Даже если в подобных описаниях и допускается, что у советского субъекта могла иметься собственная воля, голос этого субъекта все равно во внимание не принимается, поскольку из-за притеснений и страха этот голос якобы не может считаться истинным. По мнению политолога Джона Янга, единственным советским субъектом, способным иметь собственный голос, являлся нонконформист-диссидент, который занимался тем, что «противопоставлял реальные факты официальной фальши», делая это в общении «за закрытыми дверьми с такими же разочарованными друзьями, пользуясь языком знаков, придуманным из опасений, что квартиру прослушивают спецслужбы, и передавая из рук в руки неразрешенные рукописи или кассетные звукозаписи» (Young 1991: 226).

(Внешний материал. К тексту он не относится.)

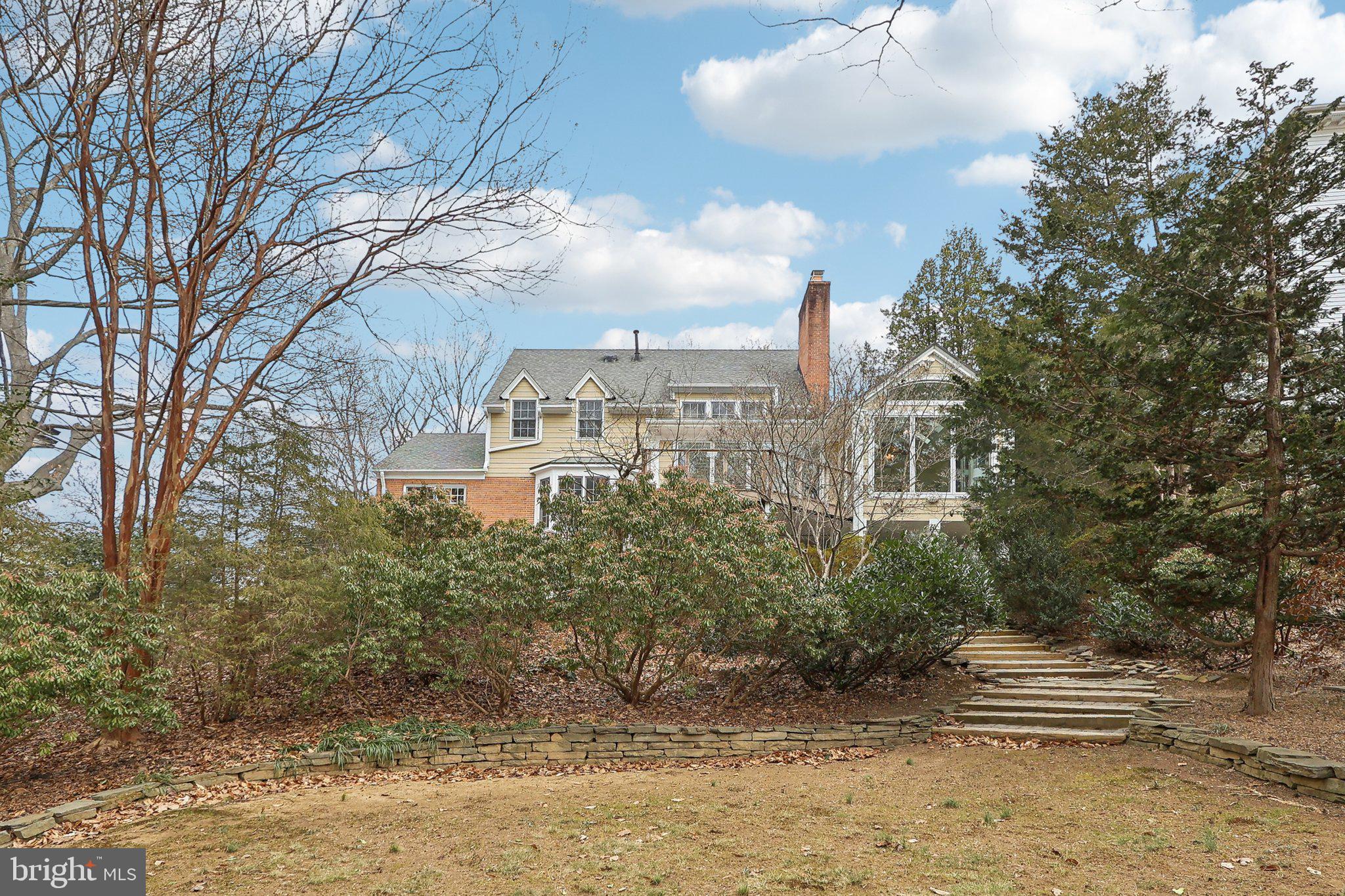 BELLEVUE FOREST - Residential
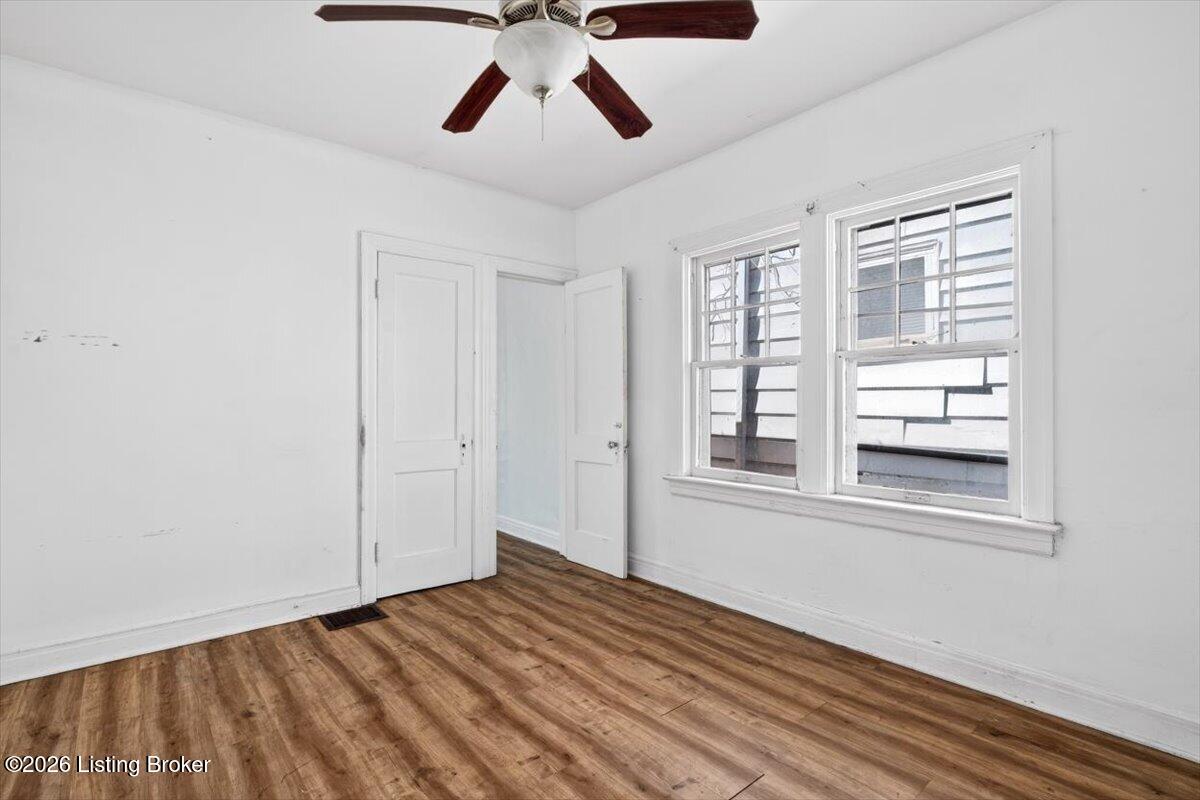 3002 Taylor Blvd Property Photo 13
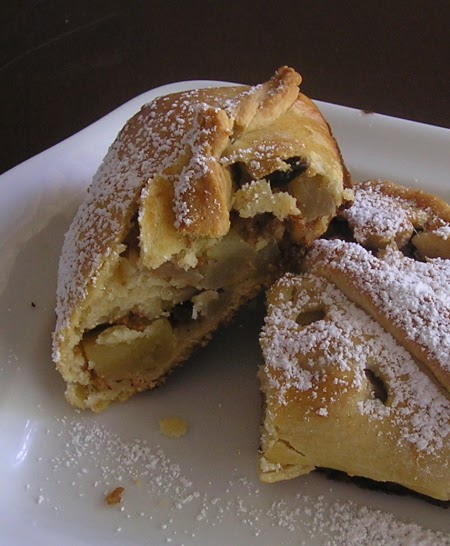 Italian Easy Apple Strudel (Strudel alle mele del Sudtirolo)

Приведенные примеры можно рассматривать как крайность. Однако в них отражается общая тенденция того, как описываются советский субъект и советская реальность. В основе этого подхода лежит невероятно упрощенная, бинарная модель власти, согласно которой власть может функционировать только двумя способами — либо убеждением, либо принуждением{13}. Эта упрощенная модель власти доминирует и в исследованиях социализма, появившихся в бывшем Советском Союзе после его развала. В них почти всегда советская культура делится по принципу бинарных оппозиций на официальную и неофициальную, «конформистскую» и «нонконформистскую», «официоз» и «андеграунд»[18]. Корни такого разделения, как отмечают социологи Уварова и Рогов, уходят в особую идеологию диссидентских кругов 1970-х, согласно которой «в советском журнале в принципе не может быть напечатано ничего хорошего, настоящий текст может быть только в сам- или тамиздате…»{14}. Критикуя это бинарное разделение, Уварова и Рогов предлагают вместо него говорить о «подцензурной» и «неподцензурной» культуре, тем самым подчеркивая амбивалентность советского культурного процесса, в котором разделение шло не по признаку принадлежности или непринадлежности государству, а по признаку контролируемости или неконтролируемости — например, среди неподцензурных явлений культуры были и официальные, и неофициальные, и то же самое могло быть в сфере подцензурного.